Operational requirements of safety-critical systems are often written in restricted specification logics. These restricted logics are amenable to automated analysis techniques such as model-checking, but are not rich enough to express complex requirements of unmanned systems that involve, for example, the physical environment. This talk advocates the use of expressive logics, such as higher-order logic, to specify the complex operational requirements and safety properties of unmanned systems. These rich logics are less amenable to automation and, hence, require the use of interactive theorem proving techniques. However, they enable the formal verification of complex numerically intensive algorithms and the rigorous validation of their implementations. The proposed approach is illustrated with two cases studies from NASA's research on Unmanned Aircraft Systems (UAS): Detect and Avoid Alerting Logic for Unmanned Systems (DAIDALUS) and Independent Configurable Architecture for Reliable Operations of Unmanned Systems (ICAROUS).
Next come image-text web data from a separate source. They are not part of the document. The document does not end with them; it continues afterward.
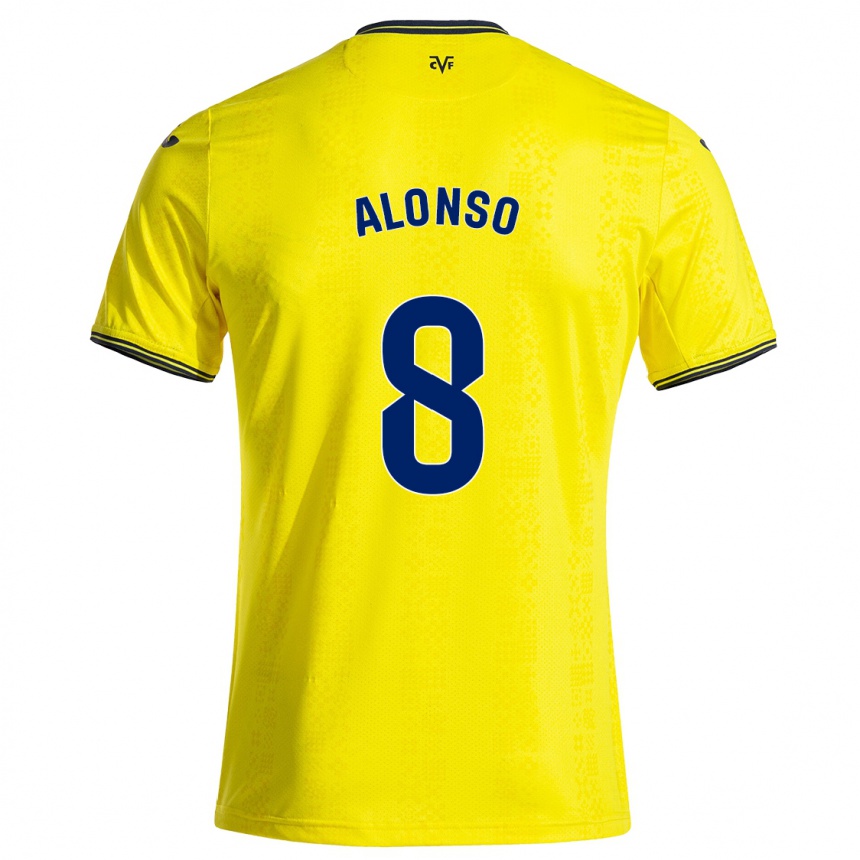 Enfant Football Maillot Rodri Alonso #8 Jaune Noir Tenues Domicile 2024/25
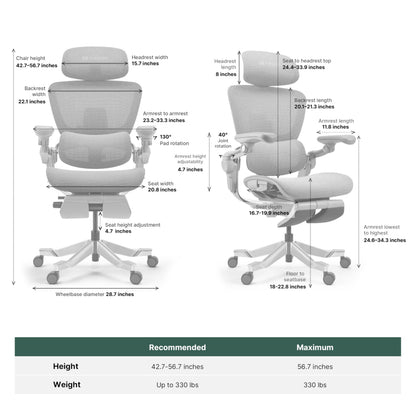HINOMI H2 Pro Premium Ergonomic Office Chair - Comfy Home Office Desk Computer Chair with Adjustable Back Support, Swivel Wheels, Flip-up Arms, Comfortable Mesh Seat for Desk Work (Gray)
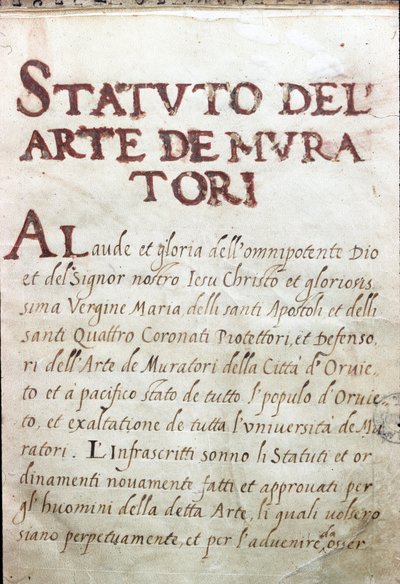 Table des corporations, status för macons i staden Orvieto, Italien av Unknown artist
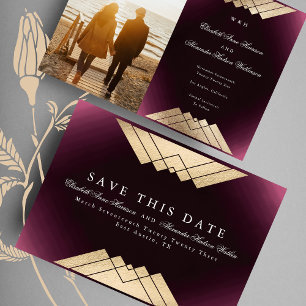 Gold Maroon Geometric Gatsby Foil Save The Date Announcement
DAIDALUS is the reference implementation of detect and avoid for UAS in FAA DO-365. ICAROUS is a software architecture built on top of DAIDALUS that enables the development of autonomous UAS applications.

Short Biography

Cesar Munoz got his M.Sc. and Ph.D. in Computer Science from the University of Paris 7. He then spent one and a half years at the Computer Science Laboratory at SRI International, before joining the Formal Methods group at ICASE -- NASA Langley in 1999. From 2003 to 2008, Munoz worked for the National Institute of Aerospace at Langley Research Center, where he led the NIA Formal Methods group. Munoz has been a Research Computer Scientist at NASA since 2009.

Munoz currently works on the development of formal methods technologies for NASA's Next Generation of Air Traffic Systems (NextGen), Validation and Verification of Flight Critical Systems (VVFCS), Unmanned Aircraft Systems Integration in the National Airspace System (UAS in the NAS), and Safe Autonomous Systems Operations (SASO) projects.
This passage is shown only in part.